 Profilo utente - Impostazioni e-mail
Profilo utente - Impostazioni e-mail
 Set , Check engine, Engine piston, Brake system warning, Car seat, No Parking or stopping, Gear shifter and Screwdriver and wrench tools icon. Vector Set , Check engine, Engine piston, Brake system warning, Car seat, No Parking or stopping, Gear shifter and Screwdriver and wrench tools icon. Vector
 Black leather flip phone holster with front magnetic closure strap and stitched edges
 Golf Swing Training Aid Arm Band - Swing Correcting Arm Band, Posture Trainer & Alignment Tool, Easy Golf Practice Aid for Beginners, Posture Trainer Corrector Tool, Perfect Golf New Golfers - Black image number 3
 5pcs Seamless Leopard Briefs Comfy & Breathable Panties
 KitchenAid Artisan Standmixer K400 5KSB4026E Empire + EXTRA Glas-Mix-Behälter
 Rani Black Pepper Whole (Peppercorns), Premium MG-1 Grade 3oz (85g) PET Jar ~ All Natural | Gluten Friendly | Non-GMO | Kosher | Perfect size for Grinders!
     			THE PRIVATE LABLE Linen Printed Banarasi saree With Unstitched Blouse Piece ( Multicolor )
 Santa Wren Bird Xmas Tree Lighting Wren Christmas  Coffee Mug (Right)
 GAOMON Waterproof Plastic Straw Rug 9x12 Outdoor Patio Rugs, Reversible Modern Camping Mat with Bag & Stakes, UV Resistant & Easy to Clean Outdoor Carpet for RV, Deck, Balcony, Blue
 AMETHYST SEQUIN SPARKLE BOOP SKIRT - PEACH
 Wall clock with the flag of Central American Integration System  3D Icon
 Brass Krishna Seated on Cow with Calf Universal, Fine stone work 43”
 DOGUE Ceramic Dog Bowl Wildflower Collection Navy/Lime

● **REQUIREMENT**
Retype every line of the material exactly.

● **RESPONSE**
 Profilo utente - Impostazioni e-mail
Profilo utente - Impostazioni e-mail
 Set , Check engine, Engine piston, Brake system warning, Car seat, No Parking or stopping, Gear shifter and Screwdriver and wrench tools icon. Vector Set , Check engine, Engine piston, Brake system warning, Car seat, No Parking or stopping, Gear shifter and Screwdriver and wrench tools icon. Vector
 Black leather flip phone holster with front magnetic closure strap and stitched edges
 Golf Swing Training Aid Arm Band - Swing Correcting Arm Band, Posture Trainer & Alignment Tool, Easy Golf Practice Aid for Beginners, Posture Trainer Corrector Tool, Perfect Golf New Golfers - Black image number 3
 5pcs Seamless Leopard Briefs Comfy & Breathable Panties
 KitchenAid Artisan Standmixer K400 5KSB4026E Empire + EXTRA Glas-Mix-Behälter
 Rani Black Pepper Whole (Peppercorns), Premium MG-1 Grade 3oz (85g) PET Jar ~ All Natural | Gluten Friendly | Non-GMO | Kosher | Perfect size for Grinders!
     			THE PRIVATE LABLE Linen Printed Banarasi saree With Unstitched Blouse Piece ( Multicolor )
 Santa Wren Bird Xmas Tree Lighting Wren Christmas  Coffee Mug (Right)
 GAOMON Waterproof Plastic Straw Rug 9x12 Outdoor Patio Rugs, Reversible Modern Camping Mat with Bag & Stakes, UV Resistant & Easy to Clean Outdoor Carpet for RV, Deck, Balcony, Blue
 AMETHYST SEQUIN SPARKLE BOOP SKIRT - PEACH
 Wall clock with the flag of Central American Integration System  3D Icon
 Brass Krishna Seated on Cow with Calf Universal, Fine stone work 43”
 DOGUE Ceramic Dog Bowl Wildflower Collection Navy/Lime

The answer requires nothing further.